How to Engineer the Good Life

I am sometimes surprised at the comments, though happy too of course, I get from people about how they admire that I am living and working in China.

The comments usually come from people who have not lived abroad for an extended period of time but admire people who do and have.

It reinforces the decision I made upon graduation as a good choice: to not begin working in corporate America like most of my classmates and instead do something I had wanted to do: travel and teach in Asia.

I am grateful for my parents who taught me to do what I love and supported me. I also enjoy it when people ask me why on earth would I move to China, and do I live in a cave here. I like these comments because they make me grateful that I come from an open-minded family and these commentators were probably not as fortunate.

Props from a Hip Client

Last week I met a client at the Shanghai airport and with our company driver brought him back to our offices where he was to spend the next few days looking at our operation. He was a great guy, very easy and enjoyable to talk to, with lots of solid interests such as cycling and the outdoors–not a hippie or anything like that, just a very friendly, solid guy.

He was very curious about China and admired me being able to speak the language and having lived here for most of the last five years. He said his mom told him he should go back to his native Japan after graduation but he didn’t like the idea at the time and so never went back.

He admitted regretting his decision. What seemed like such an easy decision for me the first time around seems to be a tough decision for some people or doesn’t even occur to a lot of people.

Enjoying some late night dinner doof (food).

Movies, Websites, and Books on “Lifestyle Design”

A few weeks ago I watched a documentary called I’m Fine Thanks, about people moving away from their corporate jobs and working to pay for a big house and the things in it that they don’t need, simplifying, and getting their time back so that they can devote it to doing what they like to do.

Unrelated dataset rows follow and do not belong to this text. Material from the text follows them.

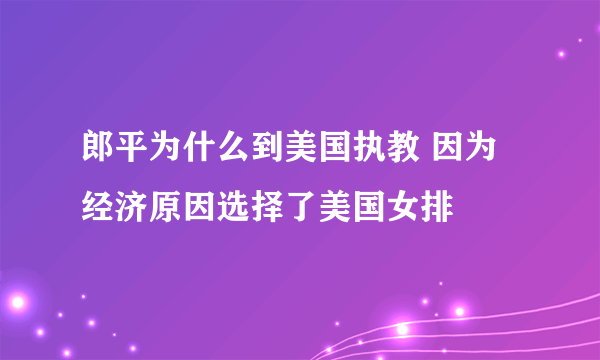 郎平为什么到美国执教 因为经济原因选择了美国女排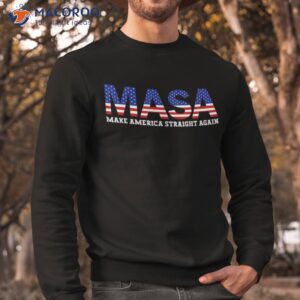 make america straight again political funny masa 4th of july shirt sweatshirt 1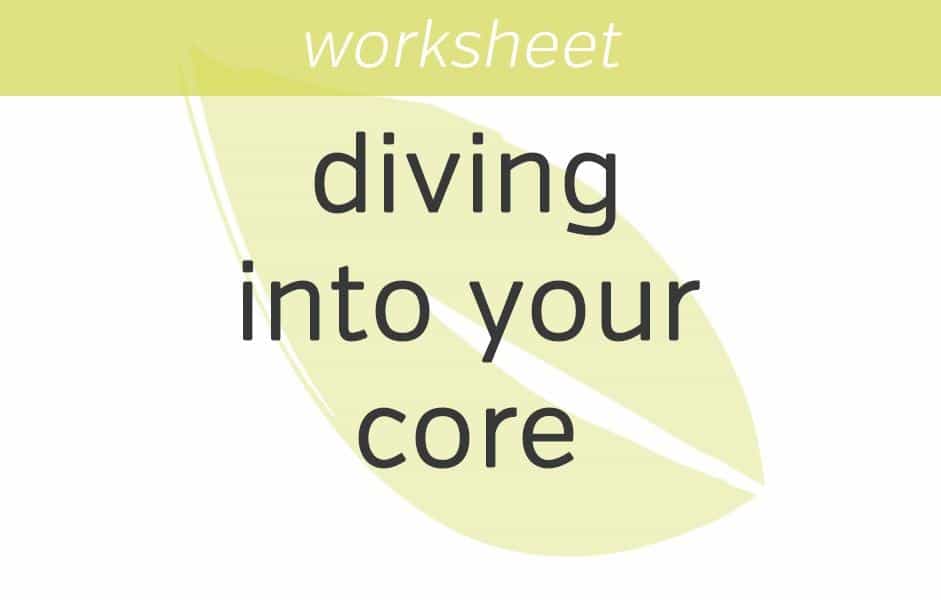 diving into your core
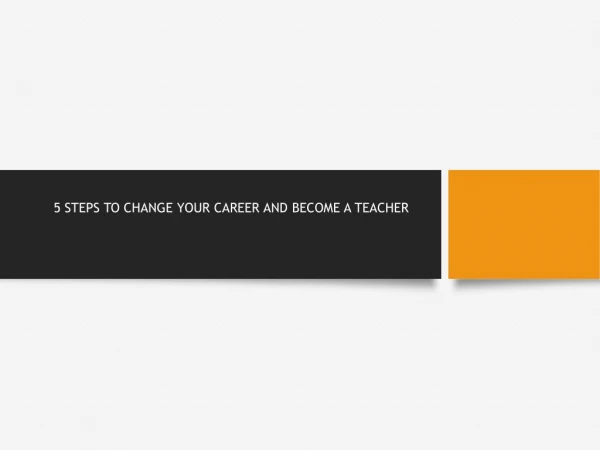 5 Steps to Change Your Career and Become a Teacher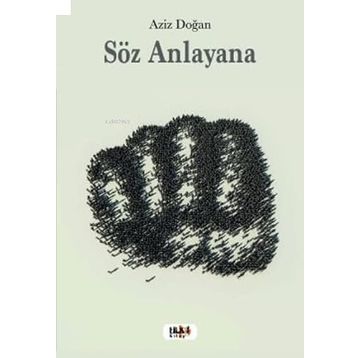 Söz Anlayana - Aziz Doğan
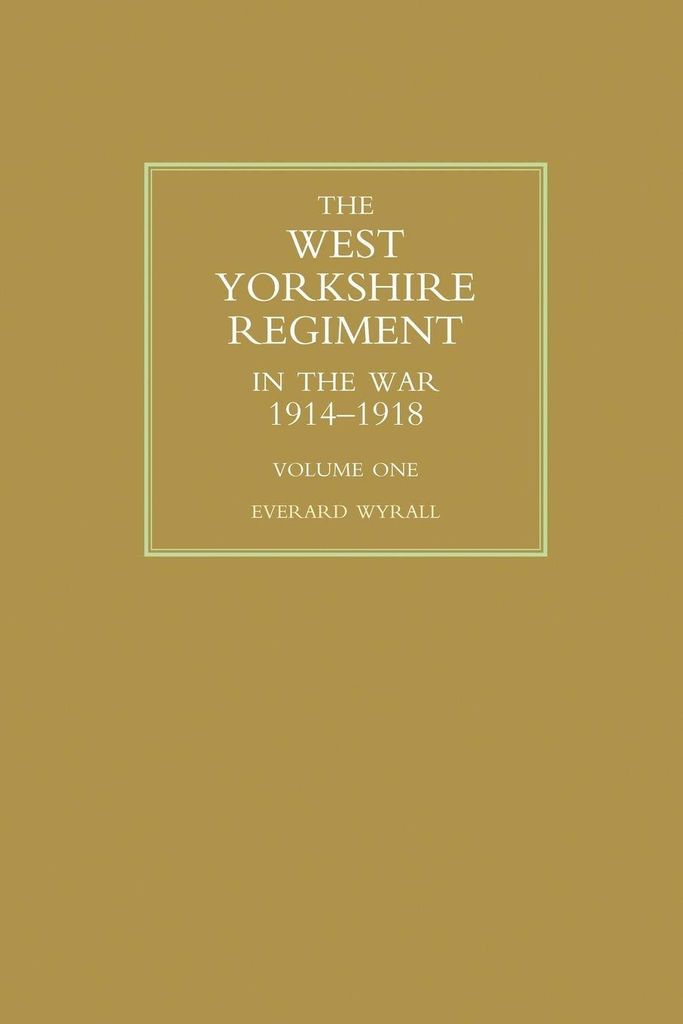 WEST YORKSHIRE REGIMENT IN THE WAR 1914-1918 Volume One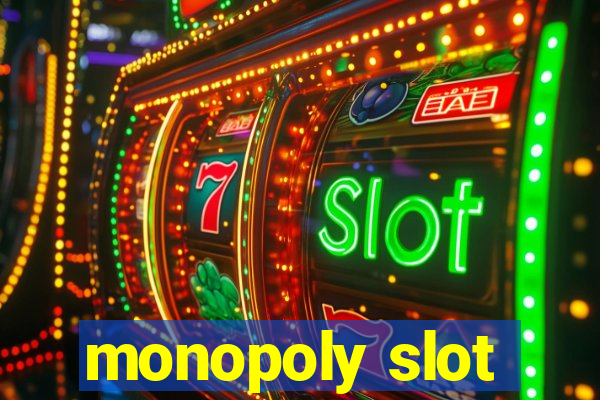 monopoly slot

One of my favorite interviews was of a husband and wife who bought a small house for cash. The house was smaller than your average trailer home. I like this idea except I’ve always wanted a grand piano in my house so I don’t think this would work for me.

It was just very cool to hear all these people’s stories about how they are reinventing how they live their lives. It made me realize that working 40 hours a week, having a big mortgage, and retiring around sixty are all just convention. Leading a different life with more freedom is possible, as many people and families have shown.

Friends visiting from Spain

Another book I am reading is called Happier Than a Billionaire: Quitting My Job, Moving to Costa Rica, and Living the Zero Hour Work Week about a couple who quit their jobs as chiropractors and moved to Costa Rica at age 35.

They were living the life society expected them to live but decided to take their time back and stop doing a job they hated. The writing is pretty funny and the author (the wife) uses lots of good vocabulary and refers to Seinfeld throughout the book.

In addition to this book and movie I have been reading numerous other books and blogs by the rising number of small one to five person businesses being started up with very little capital, allowing for more freedom. One such book, The $100 Start Up, is by a writer named Chris Guillebeau who writes mostly about entrepreneurship and runs a few micro-businesses, as he refers to them.

Another guy named Colin Wright spends his time traveling the world selling self-published books (mostly business how-to books and stories) on Amazon and running his small design businesses via an Internet connection.

One of my favorite stories, and definitely the guy I envy most, is a guy named Benny Lewis who runs a blog  called Fluent in 3 Months and travels around the world learning languages and funding his trips via book sales (also self-published and sold online) from his blog on how to learn languages (most of his techniques are the same techniques I have discovered to be useful in language learning).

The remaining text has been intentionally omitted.